De rechtbank heeft vastgesteld dat eiser in zijn eerdere asielaanvraag geen melding heeft gemaakt van zijn homoseksuele gerichtheid, wat door de minister als een gebrek aan geloofwaardigheid werd gezien. Eiser heeft verklaard dat hij problemen heeft met een reisagent in Nigeria, die hem zou bedreigen, en dat hij homoseksueel is, maar de rechtbank oordeelt dat zijn verklaringen inconsistent en oppervlakkig zijn.

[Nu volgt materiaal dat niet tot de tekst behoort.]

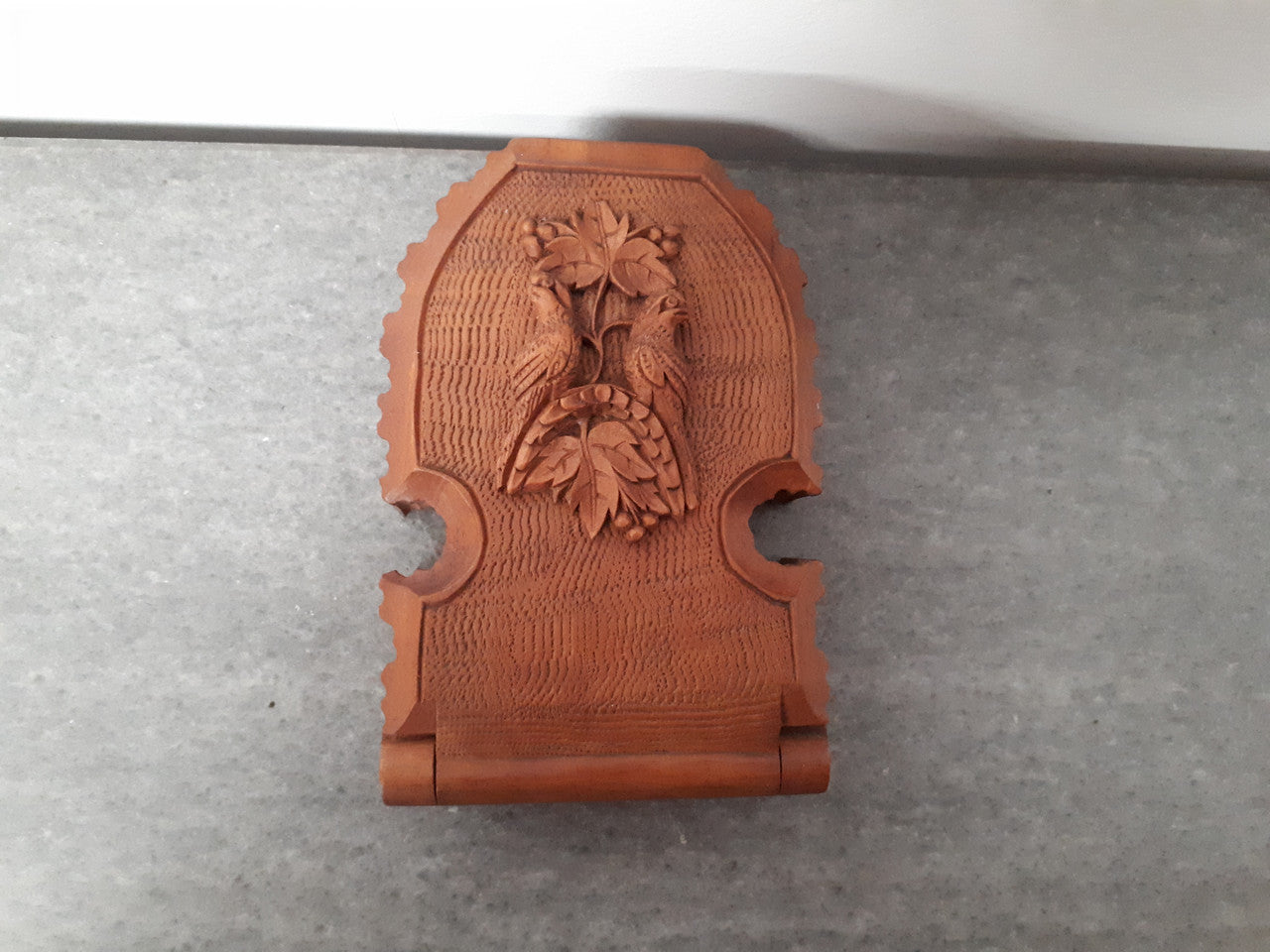 Antique Hand Carved Black Forest Pocket Holder & Watch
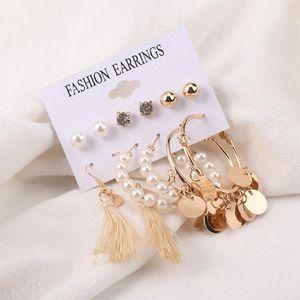 Hoop & Huggie Fashion Temperament Metal Geometric Circle Patch Earring Combo For Women Creative Simple 6 Piece Set Tassel Pearl JewelryHoop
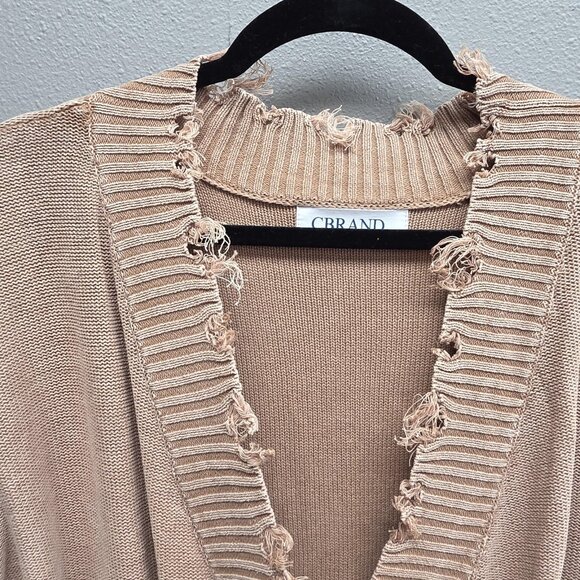 CBRAND Sweater Womens Large Tan Distressed Surplice V Neck Long Sleeve Pullover - Picture 2 of 10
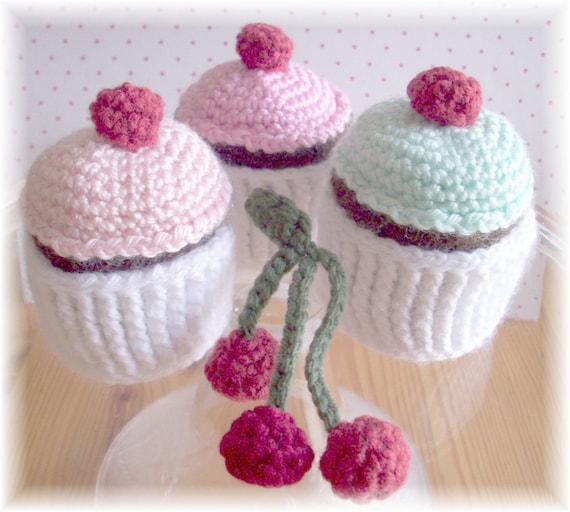 Crochet Cherry Cupcakes with removable Wrappers...PDF Pattern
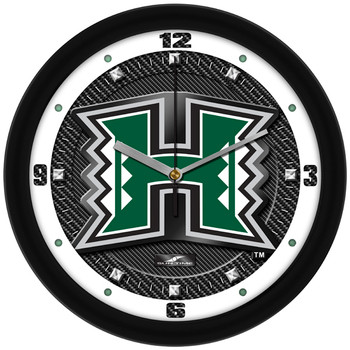 Hawaii Warriors - Carbon Fiber Textured Team Wall Clock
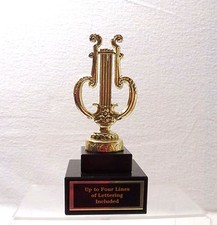 METAL MUSIC TROPHY MUSIC MUSIC MUSIC LYRE 1 FREE LETTERING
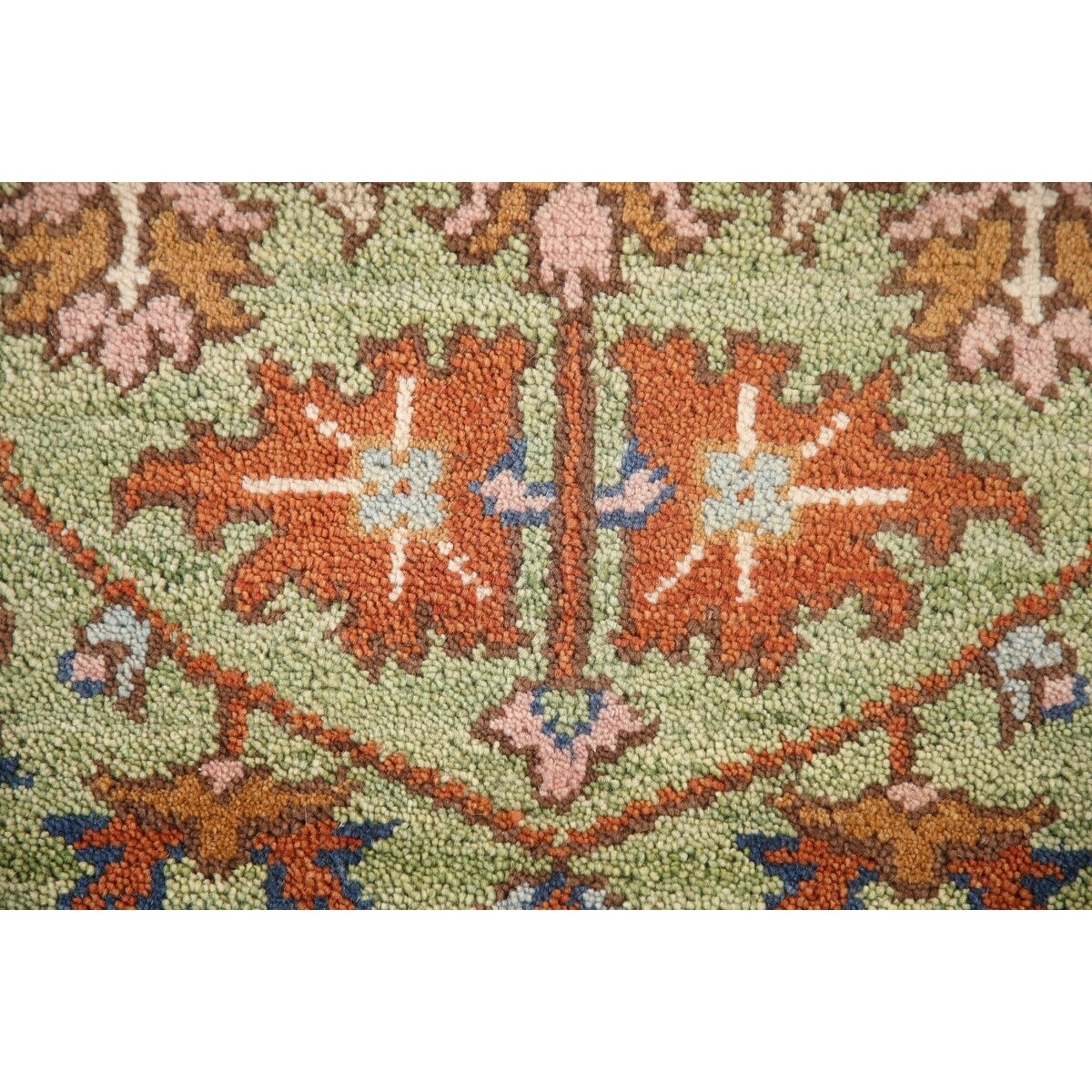 Light Green Oushak Foyer Rug Hand-Knotted Oriental Wool Carpet - 3'0" x 4'11"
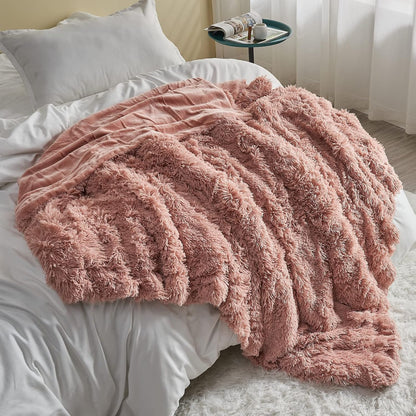 GONAAP Fuzzy Faux Fur Throw Blanket Pink Super Soft Cozy Plush Fuzzy Shaggy Blanket for Couch Sofa Bed (Pink, Throw(50"x60"))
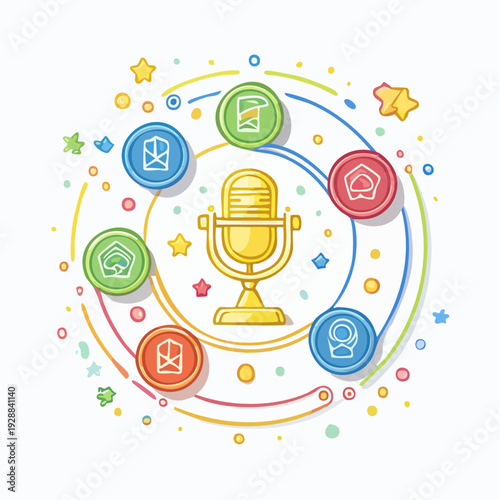 Golden microphone surrounded by colorful icons and stars.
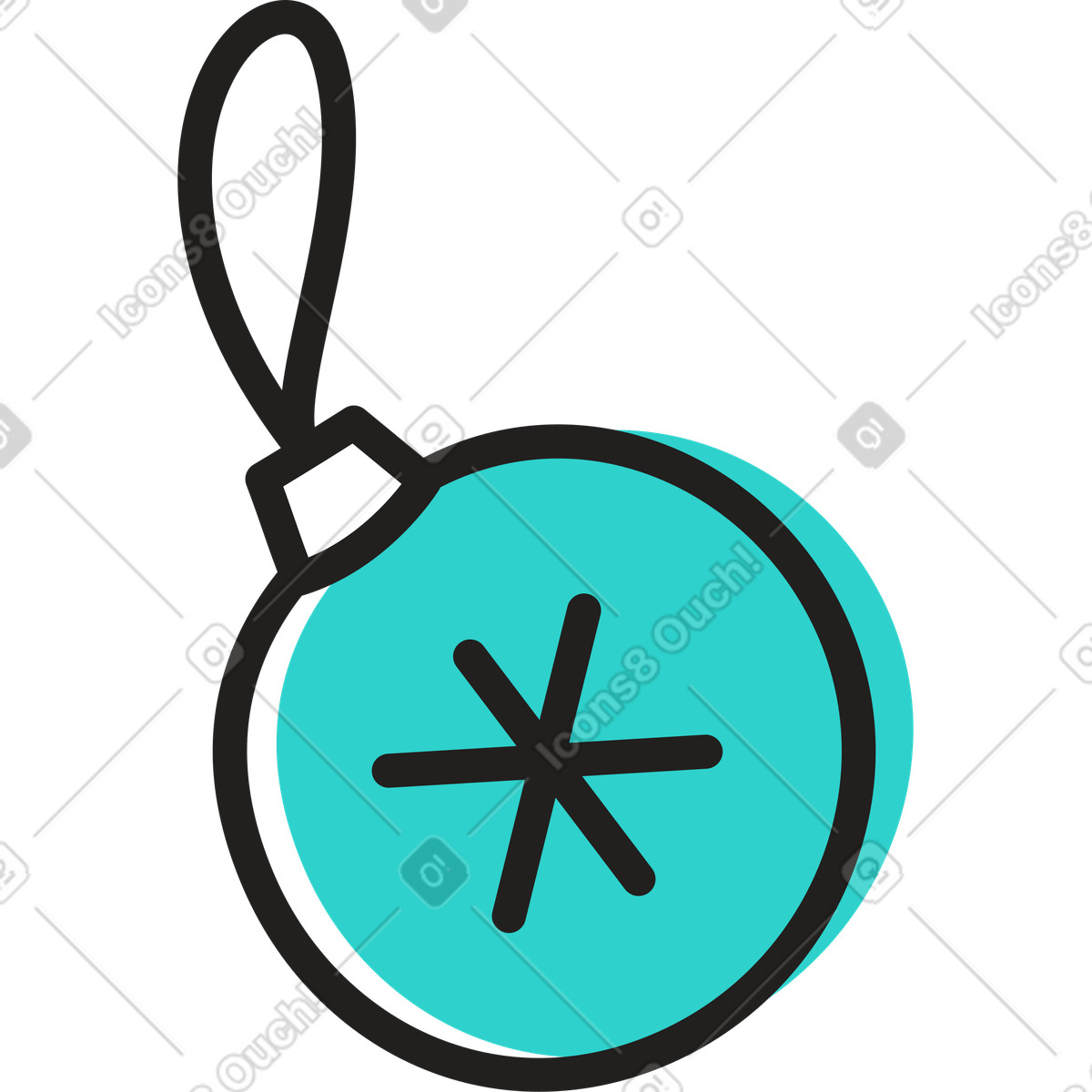 Illustration Décoration de noël avec flocon neige dans le style Little à télécharger aux formats PNG, SVG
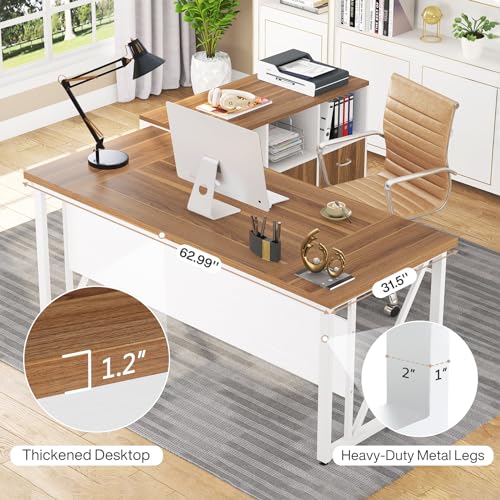 Tribesigns 63" Executive Desk with 47" Lateral File Cabinet, L-Shaped Computer Desk, Brown and Black N680173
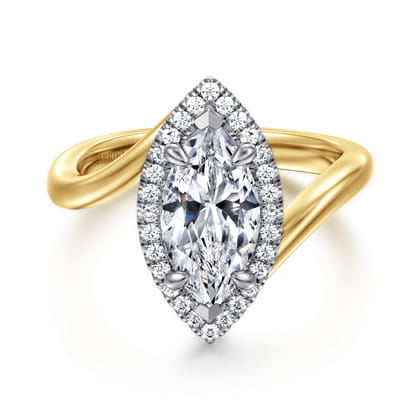 Sylvara - 14K White-Yellow Gold Marquise Shahpe Halo Diamond Engagement Ring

De minister heeft in zijn besluit uitvoerig gemotiveerd waarom hij de verklaringen van eiser ongeloofwaardig achtte, onder andere omdat eiser geen documenten heeft overgelegd ter ondersteuning van zijn claims.

De rechtbank concludeert dat de minister terecht heeft geoordeeld dat de asielaanvraag van eiser als kennelijk ongegrond kon worden afgewezen. Eiser heeft geen overtuigende argumenten aangedragen die de geloofwaardigheid van zijn verklaringen zouden kunnen onderbouwen. De rechtbank verklaart het beroep ongegrond en wijst de proceskosten af.

Uitspraak

RECHTBANK DEN HAAG
Zittingsplaats Middelburg
Bestuursrecht
zaaknummer: NL24.34106

uitspraak van de enkelvoudige kamer in de zaak tussen

[eiser] , V-nummer: [V-nummer] , eiser

(gemachtigde: mr. R. Akkaya),
en

de minister van Asiel en Migratie,

(gemachtigde: mr. I.E. Lemmers).

Inleiding

1. In deze uitspraak beoordeelt de rechtbank het beroep van eiser tegen de afwijzing van zijn asielaanvraag. Eiser stelt te zijn geboren op [datum] 1990 en van Nigeriaanse nationaliteit te zijn. Hij heeft op 20 januari 2022 een opvolgende asielaanvraag ingediend. De minister heeft met het bestreden besluit van 27 augustus 2024 deze aanvraag in de algemene procedure afgewezen als kennelijk ongegrond.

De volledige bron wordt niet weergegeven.